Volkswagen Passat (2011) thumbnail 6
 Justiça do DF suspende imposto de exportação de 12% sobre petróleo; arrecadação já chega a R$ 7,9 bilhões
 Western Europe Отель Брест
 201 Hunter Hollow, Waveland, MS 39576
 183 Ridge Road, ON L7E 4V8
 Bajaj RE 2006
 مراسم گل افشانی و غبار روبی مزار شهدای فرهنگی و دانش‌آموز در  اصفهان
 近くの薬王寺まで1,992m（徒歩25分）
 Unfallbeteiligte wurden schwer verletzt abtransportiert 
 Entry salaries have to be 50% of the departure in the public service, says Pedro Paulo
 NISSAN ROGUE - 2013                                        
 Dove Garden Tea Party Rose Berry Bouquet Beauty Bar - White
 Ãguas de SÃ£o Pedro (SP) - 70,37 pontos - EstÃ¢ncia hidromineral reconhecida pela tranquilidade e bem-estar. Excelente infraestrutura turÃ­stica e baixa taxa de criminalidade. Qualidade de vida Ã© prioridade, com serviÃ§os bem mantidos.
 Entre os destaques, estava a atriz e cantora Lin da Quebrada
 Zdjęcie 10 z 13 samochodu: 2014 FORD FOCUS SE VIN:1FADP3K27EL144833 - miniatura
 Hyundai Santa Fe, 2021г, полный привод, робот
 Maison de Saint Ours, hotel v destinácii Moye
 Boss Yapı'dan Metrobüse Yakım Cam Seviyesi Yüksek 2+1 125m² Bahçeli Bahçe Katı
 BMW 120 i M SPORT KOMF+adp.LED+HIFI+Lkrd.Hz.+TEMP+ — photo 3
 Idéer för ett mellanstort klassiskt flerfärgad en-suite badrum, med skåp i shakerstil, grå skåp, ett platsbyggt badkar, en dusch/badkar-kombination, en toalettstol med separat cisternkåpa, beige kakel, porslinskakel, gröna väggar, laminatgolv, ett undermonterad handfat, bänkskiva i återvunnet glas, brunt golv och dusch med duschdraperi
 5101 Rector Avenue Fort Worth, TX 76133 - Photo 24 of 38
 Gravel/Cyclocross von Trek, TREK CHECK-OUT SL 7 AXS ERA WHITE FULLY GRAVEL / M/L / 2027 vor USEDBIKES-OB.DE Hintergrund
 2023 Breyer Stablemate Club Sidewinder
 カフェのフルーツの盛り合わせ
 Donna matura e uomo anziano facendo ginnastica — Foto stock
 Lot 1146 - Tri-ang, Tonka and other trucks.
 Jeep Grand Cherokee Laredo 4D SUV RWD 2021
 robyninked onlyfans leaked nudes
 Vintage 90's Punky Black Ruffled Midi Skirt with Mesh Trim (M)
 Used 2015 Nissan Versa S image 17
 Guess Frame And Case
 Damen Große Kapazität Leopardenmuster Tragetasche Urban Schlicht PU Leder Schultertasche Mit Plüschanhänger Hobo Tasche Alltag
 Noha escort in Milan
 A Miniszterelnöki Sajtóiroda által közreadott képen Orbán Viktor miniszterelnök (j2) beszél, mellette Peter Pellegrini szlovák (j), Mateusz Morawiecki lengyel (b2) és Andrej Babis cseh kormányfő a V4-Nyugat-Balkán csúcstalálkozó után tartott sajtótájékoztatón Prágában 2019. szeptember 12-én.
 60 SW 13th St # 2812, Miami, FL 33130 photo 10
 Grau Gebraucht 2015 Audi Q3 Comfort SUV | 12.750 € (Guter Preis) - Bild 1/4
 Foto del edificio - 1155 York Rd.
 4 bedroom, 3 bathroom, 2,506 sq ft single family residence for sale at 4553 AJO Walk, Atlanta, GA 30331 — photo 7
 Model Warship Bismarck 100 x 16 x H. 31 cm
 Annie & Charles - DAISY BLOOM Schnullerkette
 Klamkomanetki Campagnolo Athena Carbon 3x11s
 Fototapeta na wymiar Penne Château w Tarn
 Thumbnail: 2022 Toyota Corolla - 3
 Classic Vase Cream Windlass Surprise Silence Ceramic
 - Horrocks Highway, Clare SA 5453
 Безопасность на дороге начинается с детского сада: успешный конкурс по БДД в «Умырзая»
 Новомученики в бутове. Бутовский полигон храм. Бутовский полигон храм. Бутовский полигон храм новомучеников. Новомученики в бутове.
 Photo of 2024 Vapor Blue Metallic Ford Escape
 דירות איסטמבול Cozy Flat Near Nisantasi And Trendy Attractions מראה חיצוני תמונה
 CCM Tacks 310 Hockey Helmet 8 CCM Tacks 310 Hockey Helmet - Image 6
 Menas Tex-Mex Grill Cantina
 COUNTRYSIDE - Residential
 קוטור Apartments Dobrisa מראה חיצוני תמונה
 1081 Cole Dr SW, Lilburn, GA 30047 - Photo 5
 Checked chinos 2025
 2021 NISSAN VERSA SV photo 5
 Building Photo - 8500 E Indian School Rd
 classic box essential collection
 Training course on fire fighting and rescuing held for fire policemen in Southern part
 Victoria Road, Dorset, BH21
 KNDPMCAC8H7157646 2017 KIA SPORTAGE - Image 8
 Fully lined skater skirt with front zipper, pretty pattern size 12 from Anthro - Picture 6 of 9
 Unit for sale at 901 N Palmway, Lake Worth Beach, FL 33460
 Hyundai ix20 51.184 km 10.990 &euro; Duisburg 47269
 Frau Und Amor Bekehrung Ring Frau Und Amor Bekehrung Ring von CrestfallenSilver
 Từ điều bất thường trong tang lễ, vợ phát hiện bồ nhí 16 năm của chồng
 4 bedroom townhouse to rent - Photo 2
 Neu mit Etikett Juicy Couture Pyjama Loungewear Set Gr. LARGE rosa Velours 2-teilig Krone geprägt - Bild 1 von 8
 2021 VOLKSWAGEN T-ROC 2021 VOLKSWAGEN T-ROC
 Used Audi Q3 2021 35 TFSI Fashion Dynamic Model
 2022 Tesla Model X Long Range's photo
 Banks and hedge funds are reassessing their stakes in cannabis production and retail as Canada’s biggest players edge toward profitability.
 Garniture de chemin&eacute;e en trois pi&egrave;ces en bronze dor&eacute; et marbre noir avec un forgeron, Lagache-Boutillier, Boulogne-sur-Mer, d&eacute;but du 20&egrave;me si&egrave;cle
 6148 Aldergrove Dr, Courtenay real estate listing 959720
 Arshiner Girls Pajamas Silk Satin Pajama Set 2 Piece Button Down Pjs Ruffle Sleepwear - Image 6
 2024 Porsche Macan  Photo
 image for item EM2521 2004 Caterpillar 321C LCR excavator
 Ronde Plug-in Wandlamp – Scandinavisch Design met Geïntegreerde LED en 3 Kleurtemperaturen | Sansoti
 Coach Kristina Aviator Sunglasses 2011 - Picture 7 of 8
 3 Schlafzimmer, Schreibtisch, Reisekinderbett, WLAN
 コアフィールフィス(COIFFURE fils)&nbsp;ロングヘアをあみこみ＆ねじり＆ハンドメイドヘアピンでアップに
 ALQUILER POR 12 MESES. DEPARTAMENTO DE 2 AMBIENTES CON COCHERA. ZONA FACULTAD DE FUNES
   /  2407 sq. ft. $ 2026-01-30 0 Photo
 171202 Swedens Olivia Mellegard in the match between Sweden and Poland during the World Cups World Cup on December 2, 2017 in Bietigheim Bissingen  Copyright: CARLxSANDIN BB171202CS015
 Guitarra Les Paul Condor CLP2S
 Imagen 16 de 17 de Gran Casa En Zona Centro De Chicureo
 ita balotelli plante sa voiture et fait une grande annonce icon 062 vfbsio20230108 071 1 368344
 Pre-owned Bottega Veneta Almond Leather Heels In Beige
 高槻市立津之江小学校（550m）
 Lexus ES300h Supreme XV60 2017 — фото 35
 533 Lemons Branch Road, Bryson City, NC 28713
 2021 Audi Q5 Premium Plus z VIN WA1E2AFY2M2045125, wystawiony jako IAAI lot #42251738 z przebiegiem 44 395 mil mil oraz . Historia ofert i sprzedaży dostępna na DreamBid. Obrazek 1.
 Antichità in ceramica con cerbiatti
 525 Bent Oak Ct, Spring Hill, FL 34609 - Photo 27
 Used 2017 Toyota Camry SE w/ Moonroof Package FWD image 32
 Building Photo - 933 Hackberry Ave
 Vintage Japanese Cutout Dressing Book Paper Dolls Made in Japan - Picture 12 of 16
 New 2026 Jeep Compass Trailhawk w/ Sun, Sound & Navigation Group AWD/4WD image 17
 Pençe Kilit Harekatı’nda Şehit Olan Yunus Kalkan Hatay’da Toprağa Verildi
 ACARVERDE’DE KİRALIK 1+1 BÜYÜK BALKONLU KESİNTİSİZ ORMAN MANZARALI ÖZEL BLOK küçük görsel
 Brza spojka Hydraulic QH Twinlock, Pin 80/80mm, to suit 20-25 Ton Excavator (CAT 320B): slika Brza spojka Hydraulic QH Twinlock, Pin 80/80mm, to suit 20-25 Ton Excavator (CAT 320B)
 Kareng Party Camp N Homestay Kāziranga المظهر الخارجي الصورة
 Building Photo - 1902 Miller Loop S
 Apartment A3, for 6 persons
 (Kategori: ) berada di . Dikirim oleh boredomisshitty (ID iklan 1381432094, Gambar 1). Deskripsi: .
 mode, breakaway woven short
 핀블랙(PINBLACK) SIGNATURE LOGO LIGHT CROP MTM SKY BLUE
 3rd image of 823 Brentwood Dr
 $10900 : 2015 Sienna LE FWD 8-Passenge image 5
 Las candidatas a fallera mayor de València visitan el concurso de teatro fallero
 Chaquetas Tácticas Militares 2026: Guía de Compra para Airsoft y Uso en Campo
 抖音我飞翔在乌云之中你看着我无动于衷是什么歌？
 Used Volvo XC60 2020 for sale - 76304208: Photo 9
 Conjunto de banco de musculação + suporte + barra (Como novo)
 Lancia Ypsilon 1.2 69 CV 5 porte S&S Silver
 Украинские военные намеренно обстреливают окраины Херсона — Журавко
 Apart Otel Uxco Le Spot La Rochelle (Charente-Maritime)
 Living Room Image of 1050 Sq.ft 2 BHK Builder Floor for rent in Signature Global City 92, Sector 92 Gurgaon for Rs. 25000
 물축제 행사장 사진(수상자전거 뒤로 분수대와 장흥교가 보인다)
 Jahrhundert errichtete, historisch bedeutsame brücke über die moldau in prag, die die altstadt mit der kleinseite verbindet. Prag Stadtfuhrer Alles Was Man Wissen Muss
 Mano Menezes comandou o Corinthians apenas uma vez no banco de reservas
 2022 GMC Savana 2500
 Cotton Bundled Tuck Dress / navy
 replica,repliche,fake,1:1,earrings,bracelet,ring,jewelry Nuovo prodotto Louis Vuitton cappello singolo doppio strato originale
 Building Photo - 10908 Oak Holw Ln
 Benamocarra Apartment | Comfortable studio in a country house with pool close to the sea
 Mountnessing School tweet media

·····

■ What you will do: Reproduce only this range: the first line of the data above through the line with "近くの薬王寺まで1,992m（徒歩25分）", both included, exactly as written.

■ Answer section:
Volkswagen Passat (2011) thumbnail 6
 Justiça do DF suspende imposto de exportação de 12% sobre petróleo; arrecadação já chega a R$ 7,9 bilhões
 Western Europe Отель Брест
 201 Hunter Hollow, Waveland, MS 39576
 183 Ridge Road, ON L7E 4V8
 Bajaj RE 2006
 مراسم گل افشانی و غبار روبی مزار شهدای فرهنگی و دانش‌آموز در  اصفهان
 近くの薬王寺まで1,992m（徒歩25分）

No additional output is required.